Top-Level Process Flow 

[0027] Figure 2 is a process flow diagram of a method for performing linguistic 
analysis, according to an embodiment of the invention. Figure 2 is depicted from the 
perspective of LAS 110. As shown therein, the process begins by receiving a selection 
from a list of pre-defined categories in step 202. The predefined categories may be, for 
instance, categories such as: adult, confidential, conflict, gambling, games, merger and 
acquisition, racism, resignation, shopping, sports, substance abuse, stock trading, and/or 
other predefined data category. A system administrator or other user of LAS 110 may 
select the predefined categories based on an Approved Usage Policy (AUP) for a 
corporation, or based other criterion. 

[0028] Next, in step 204, the LAS 1 10 optionally receives a custom category definition. 

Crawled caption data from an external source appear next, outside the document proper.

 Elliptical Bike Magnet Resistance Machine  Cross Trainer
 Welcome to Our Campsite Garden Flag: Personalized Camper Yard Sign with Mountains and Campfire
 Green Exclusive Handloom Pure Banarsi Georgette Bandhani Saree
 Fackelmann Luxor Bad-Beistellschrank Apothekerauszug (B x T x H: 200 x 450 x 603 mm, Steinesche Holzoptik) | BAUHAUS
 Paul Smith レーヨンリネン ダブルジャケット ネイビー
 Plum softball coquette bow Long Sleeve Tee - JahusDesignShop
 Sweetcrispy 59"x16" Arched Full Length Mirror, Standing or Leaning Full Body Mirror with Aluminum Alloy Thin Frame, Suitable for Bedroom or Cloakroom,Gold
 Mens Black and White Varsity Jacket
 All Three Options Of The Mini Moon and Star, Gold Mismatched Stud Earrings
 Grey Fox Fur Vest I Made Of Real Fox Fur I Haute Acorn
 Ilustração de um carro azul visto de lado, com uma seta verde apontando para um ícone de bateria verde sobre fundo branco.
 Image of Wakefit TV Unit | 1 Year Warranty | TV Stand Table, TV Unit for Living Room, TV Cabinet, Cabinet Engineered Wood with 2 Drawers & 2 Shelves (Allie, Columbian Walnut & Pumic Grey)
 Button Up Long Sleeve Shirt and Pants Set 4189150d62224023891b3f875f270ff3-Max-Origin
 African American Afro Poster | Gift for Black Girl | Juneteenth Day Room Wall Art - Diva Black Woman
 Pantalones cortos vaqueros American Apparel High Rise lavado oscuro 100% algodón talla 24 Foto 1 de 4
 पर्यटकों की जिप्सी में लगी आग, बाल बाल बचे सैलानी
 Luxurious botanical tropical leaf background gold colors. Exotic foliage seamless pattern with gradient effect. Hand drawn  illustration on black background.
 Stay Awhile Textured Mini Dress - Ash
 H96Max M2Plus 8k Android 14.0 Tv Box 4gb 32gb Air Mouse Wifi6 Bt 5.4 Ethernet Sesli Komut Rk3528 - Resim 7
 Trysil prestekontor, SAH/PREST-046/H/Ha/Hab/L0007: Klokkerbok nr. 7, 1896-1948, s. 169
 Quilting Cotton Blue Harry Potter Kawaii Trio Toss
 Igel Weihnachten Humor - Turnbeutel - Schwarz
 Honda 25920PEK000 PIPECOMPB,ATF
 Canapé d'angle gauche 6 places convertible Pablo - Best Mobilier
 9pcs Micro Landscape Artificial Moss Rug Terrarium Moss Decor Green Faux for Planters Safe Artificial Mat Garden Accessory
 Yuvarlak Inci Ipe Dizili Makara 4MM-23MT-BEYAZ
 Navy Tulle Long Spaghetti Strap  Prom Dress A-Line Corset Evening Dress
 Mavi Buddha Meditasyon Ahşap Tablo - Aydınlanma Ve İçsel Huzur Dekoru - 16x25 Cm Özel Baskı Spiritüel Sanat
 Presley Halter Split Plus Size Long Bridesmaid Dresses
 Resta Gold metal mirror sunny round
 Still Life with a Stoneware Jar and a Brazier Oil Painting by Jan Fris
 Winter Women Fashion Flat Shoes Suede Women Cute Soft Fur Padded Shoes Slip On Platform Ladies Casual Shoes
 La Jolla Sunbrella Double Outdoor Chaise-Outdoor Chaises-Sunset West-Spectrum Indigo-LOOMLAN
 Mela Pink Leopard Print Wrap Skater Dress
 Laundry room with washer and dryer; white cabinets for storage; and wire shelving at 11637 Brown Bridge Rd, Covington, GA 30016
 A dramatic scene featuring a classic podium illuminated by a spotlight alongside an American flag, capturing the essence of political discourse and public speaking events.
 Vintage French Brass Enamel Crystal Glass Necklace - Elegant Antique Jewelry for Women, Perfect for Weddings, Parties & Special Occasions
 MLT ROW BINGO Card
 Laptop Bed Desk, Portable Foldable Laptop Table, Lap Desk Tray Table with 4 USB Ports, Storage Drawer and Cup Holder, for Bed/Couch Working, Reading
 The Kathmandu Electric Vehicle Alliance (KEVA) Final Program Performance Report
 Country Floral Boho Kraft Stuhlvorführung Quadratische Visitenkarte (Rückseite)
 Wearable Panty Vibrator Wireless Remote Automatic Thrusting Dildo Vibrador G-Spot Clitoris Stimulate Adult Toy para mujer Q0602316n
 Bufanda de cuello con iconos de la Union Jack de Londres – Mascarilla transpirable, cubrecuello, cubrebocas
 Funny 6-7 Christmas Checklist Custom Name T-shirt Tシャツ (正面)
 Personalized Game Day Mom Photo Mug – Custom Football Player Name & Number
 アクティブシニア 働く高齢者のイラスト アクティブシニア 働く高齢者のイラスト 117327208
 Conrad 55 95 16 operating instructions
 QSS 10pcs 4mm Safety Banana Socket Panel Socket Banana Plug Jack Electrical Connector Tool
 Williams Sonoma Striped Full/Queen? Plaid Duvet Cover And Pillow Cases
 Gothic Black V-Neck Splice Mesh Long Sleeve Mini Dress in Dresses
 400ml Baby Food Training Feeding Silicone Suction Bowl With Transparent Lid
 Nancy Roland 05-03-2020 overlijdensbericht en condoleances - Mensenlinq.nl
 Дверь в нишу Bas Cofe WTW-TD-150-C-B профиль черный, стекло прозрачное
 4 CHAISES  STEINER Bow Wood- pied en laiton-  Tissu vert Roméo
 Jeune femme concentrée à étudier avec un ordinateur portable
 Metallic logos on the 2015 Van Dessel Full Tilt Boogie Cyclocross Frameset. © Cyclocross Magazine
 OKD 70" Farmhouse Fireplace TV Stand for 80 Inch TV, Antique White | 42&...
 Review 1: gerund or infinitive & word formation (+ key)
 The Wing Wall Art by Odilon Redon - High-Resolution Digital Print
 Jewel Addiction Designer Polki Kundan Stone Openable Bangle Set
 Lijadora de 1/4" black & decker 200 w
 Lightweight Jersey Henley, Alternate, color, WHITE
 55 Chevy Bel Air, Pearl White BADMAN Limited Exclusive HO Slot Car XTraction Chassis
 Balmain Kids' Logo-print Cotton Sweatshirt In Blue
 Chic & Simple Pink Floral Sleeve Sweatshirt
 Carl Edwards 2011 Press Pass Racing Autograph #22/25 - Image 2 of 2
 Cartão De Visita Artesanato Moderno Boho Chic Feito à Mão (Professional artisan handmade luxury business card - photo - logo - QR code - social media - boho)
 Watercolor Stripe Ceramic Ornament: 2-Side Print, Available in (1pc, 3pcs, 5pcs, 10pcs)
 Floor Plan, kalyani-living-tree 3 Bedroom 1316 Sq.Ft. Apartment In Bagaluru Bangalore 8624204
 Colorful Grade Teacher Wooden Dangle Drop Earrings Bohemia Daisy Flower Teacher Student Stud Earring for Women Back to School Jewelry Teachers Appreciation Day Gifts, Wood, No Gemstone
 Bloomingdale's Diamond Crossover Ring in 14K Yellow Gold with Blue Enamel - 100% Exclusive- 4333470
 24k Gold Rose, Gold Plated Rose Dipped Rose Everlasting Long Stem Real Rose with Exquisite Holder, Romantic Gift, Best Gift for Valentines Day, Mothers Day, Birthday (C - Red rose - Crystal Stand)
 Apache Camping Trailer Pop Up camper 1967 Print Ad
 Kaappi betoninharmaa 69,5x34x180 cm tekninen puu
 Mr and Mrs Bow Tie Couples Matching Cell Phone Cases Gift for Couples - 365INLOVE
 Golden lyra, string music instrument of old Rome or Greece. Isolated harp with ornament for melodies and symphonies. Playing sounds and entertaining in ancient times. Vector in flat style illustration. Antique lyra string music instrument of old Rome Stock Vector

A custom category definition may be based on one or more of the predefined 
categories. For example, in the case where a user has selected the predefined category 
of mergers and acquisitions, a user may further specify that when a hit is resolved for 
the predefined category of mergers and acquisitions, a custom category is resolved 
based on a particular company name. Accordingly, the form of a custom category 
definition may include both search criteria (e.g., a particular company name) and a link 
to a selected category (e.g., mergers and acquisitions).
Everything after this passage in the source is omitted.